The British Edda
- Author: Laurence Waddell
- Language: English
- Subject: Language, translation
- Publication date: 1930
- Publication place: United Kingdom
- Media type: Print
- Pages: 480pp

= The British Edda =

Book by Lawrence Waddell

The British Edda is a 1930 English book written by Laurence Waddell about the adventures of El, Wodan and Loki forming an "Eden Triad" in the Garden of Eden. It also references Thor and King Arthur having adventures in Eden.

==Background==

===Cover===
The spine of the book features a swastika "imprinted in gold color". The swastika was chosen because of it being a "Sun-cult symbol to the Phoenicians and Hittites", two subjects covered in the book. The front of the book features an image of the Snake Goddess from the Boston Goddess collection. According to Waddell the statuette was first created in 2700 B.C. as an example of "Eve or Ifo, Gunn-Ifo or Guen-Ever, as Serpent-Priestess of Eden before marriage with King Her-Thor, Arthur, or Adam". He also stated his belief that the Snake Goddess was from a representation of "prototypes" from Sumerian and Hittite gods, rather than from Crete as is commonly thought.

===Title===
The title of the book, The British Edda, was chosen because of Waddell's belief that the work upon which his translation was based, the Elder Edda, was mistakenly believed by many to be written in Scandinavian. Waddell, meanwhile, objected to this, explaining that the language had been found to be from an Icelandic family that had originally come from Scotland. Due to this, Waddell used the word British in the title to emphasize where the Elder Edda had come from. Waddell also went on to state that many other Eddic poems had been written in the British Isles before and up to the 6th century, but that most of them had been eradicated in the 11th century by Christian missionaries, contributing to the confusion.

==Content==
One of the subjects discussed in The British Edda is the "genesis of civilization", which, as stated by Waddell, was commonly believed in the "pagan days" in Britain to be in "Cappadocia and Eden", but was very broad due to the lack of knowledge about the region beyond mere stories and also no knowledge of specific place names. This oral tradition of stories was written down on "parchment by 'the Learned'", composed into what is known as the Elder Edda. Waddell also explained that other works that copied down the stories were made, but all of these had been destroyed by Christian missionaries in Britain, leaving only the one work. These stories returned to the common populace in the 12th century by being melded into the "Arthurian legends", while the original sources of Cappadocia, the Trojans, and Sumeria were lost.

==Legacy==
Waddell's writings on the origins of civilization would soon after influence the poetry of Hugh MacDiarmid from 1937 on, impressing on him the belief that the "original impetus to civilization was an Ur-Gaelic initiative". This belief was later incorporated into his poems, such as in The Fingers of Baal Contract in the Communist Salute.
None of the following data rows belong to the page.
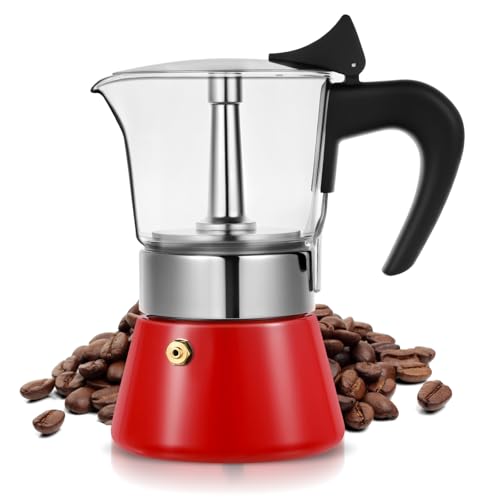Image of 4 Cup 200ml Glass Moka Pot, Stovetop Espresso Maker, Red | Crystal Glass-top & Stainless Steel Coffee Maker, Induction Compatible, for Greca de Cafe, Cuban and Italian Coffee Brewing
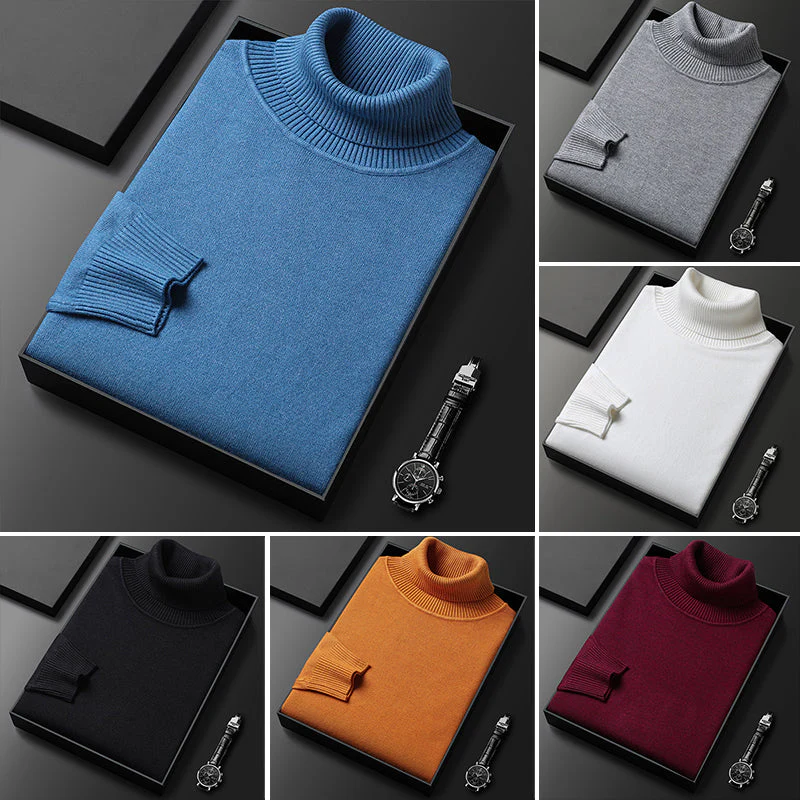 Men's Solid Color Turtleneck Sweater - Image 2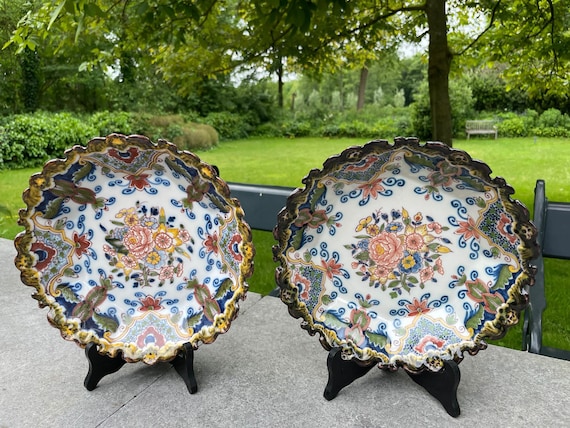 B-Set /  Tichelaar Makkumプレート オクサナ様 Tichelaar Makkum, set van 2 decoratieve handschilderde borden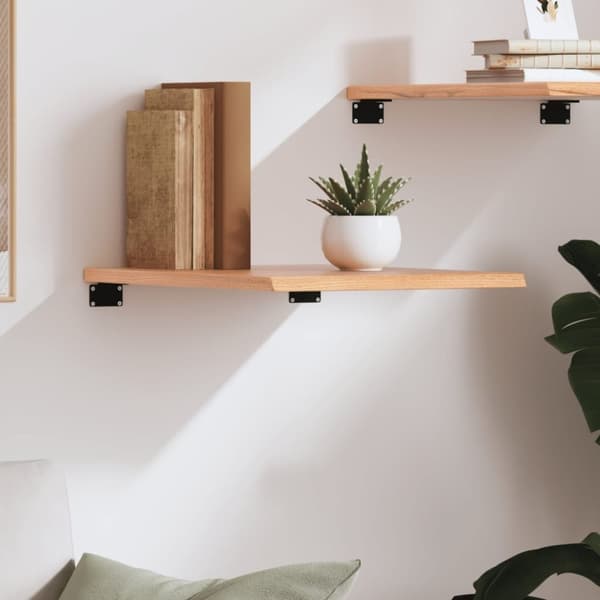 vidaXL Vägghylla ljusbrun 40x50x2 cm behandlad massiv ek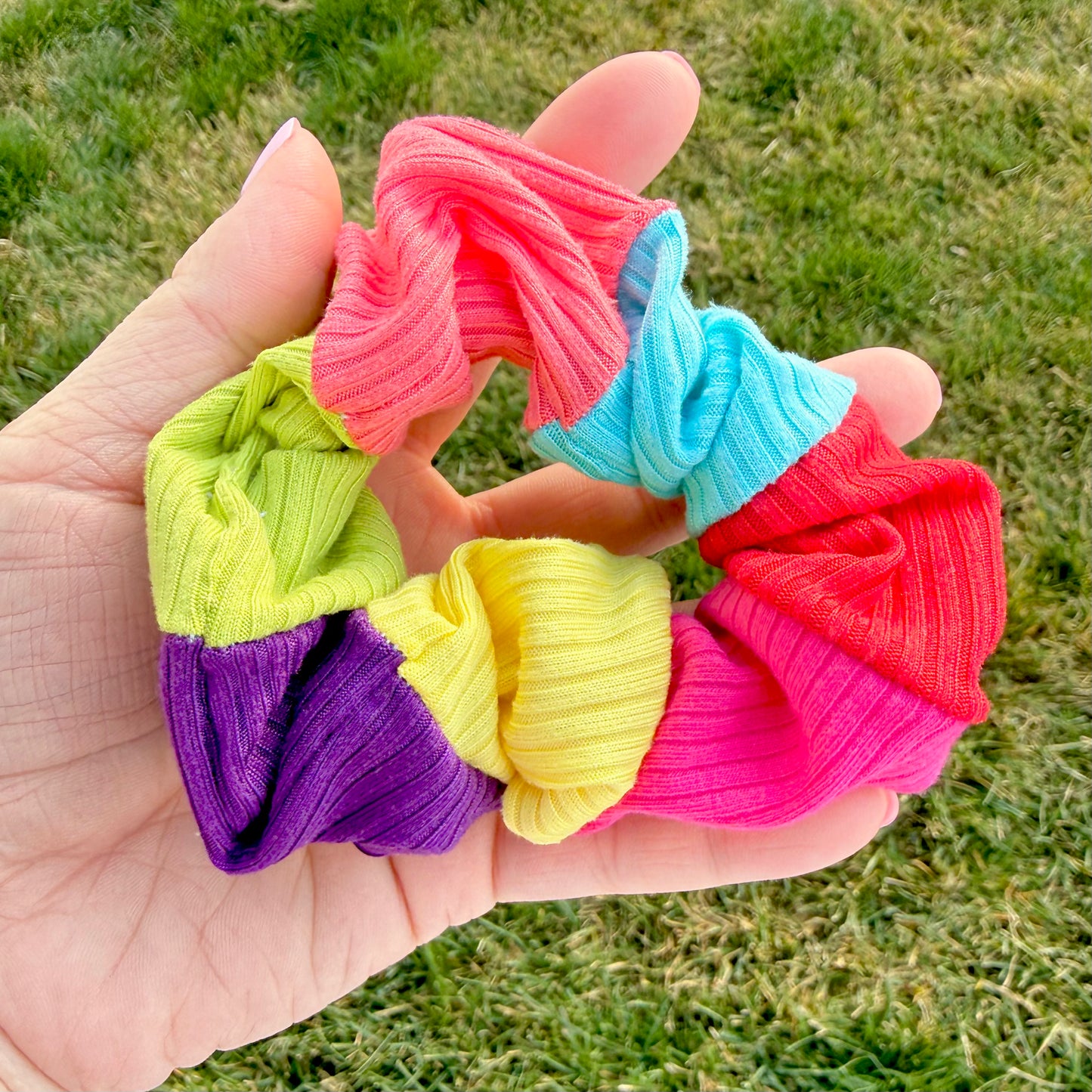 Rainbow Knit Scrunchie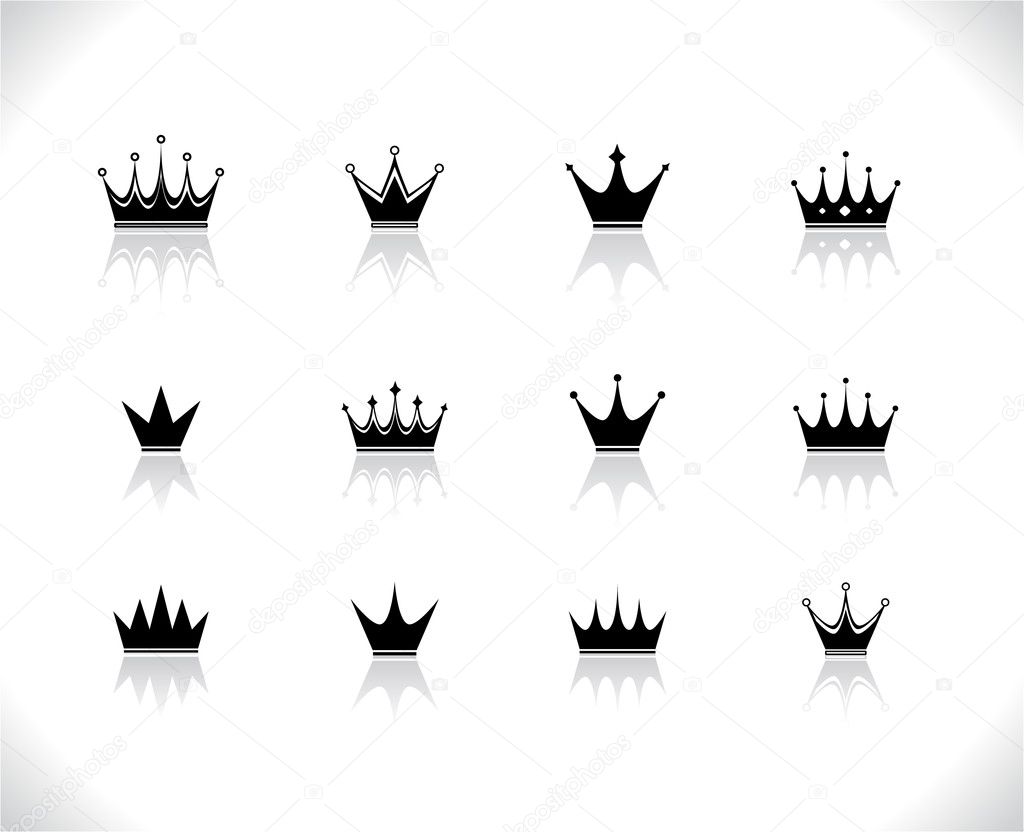 Set of black crowns.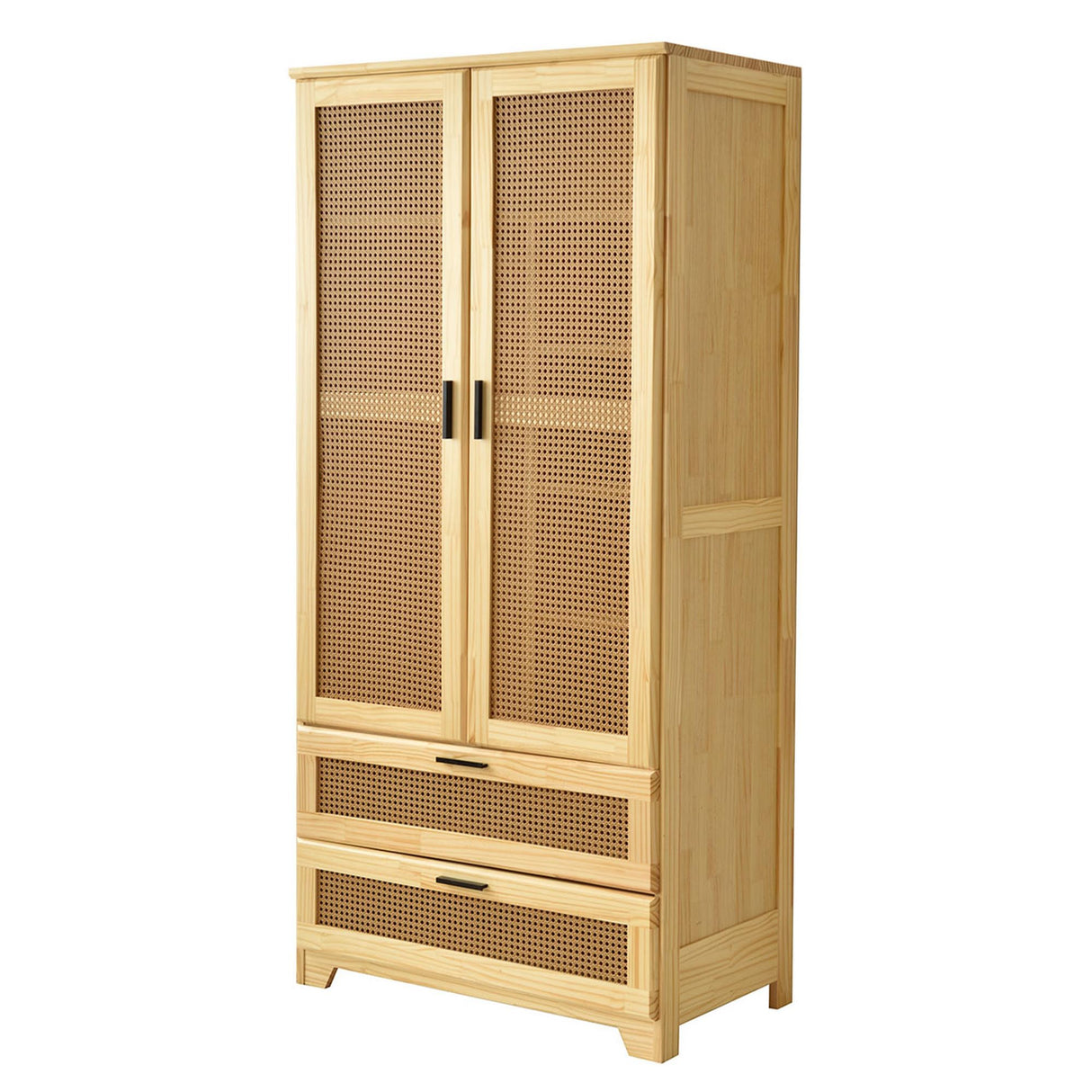 Better Home Products Pine Wood Closet with Rattan Doors and 2-Drawers in Natural Better Home Products
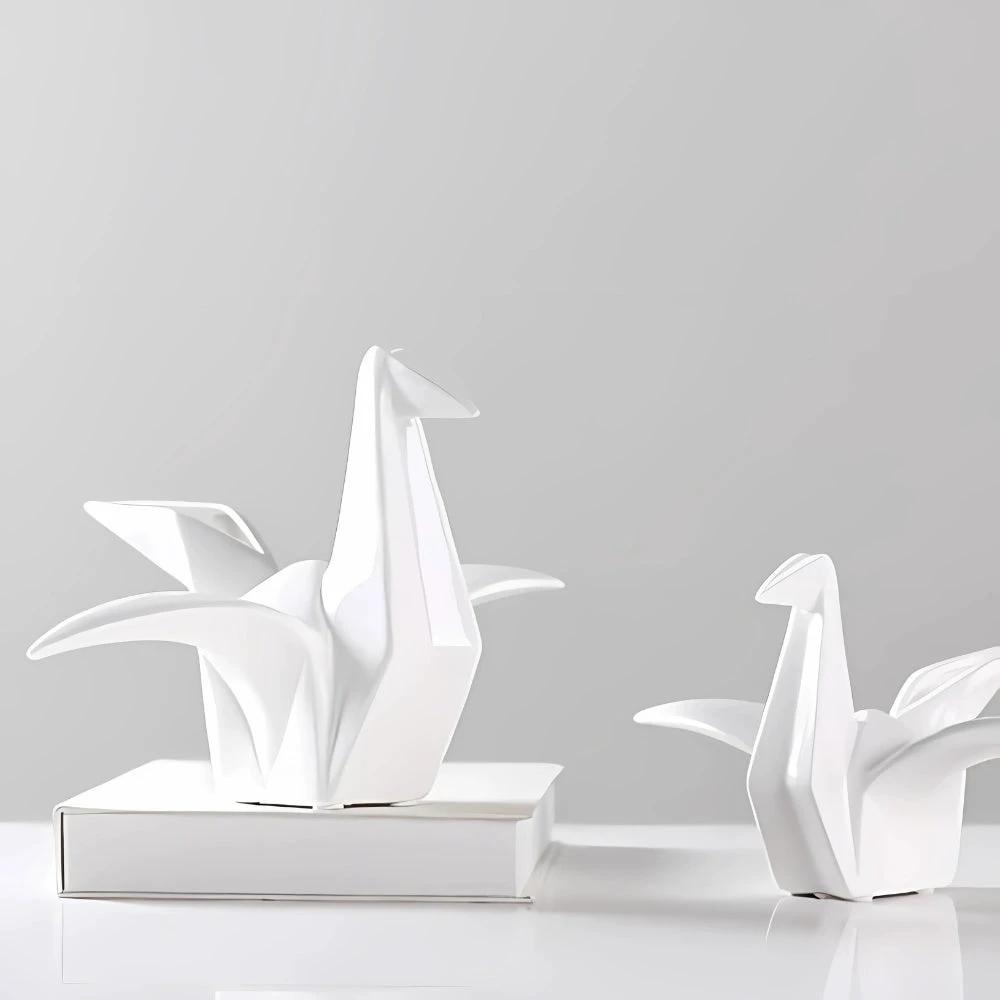 Origami-Inspired Ceramic Bird Statue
In two letters Charles Olson wrote to Frances Boldereff in July 1950, Olson discussed Waddell's works and specifically commented on The British Edda, stating that, in it, Waddell "dances all over this thing, like some damned witch doctor, trying to squeeze out the old and lost history", referring to the discussion in the book on how the Sumerians were the origination of civilization. The British Edda and one of Waddell's other works, The Makers of Civilization in Race and History, would go on to inspire Olson's essay titled "The Gate and the Center".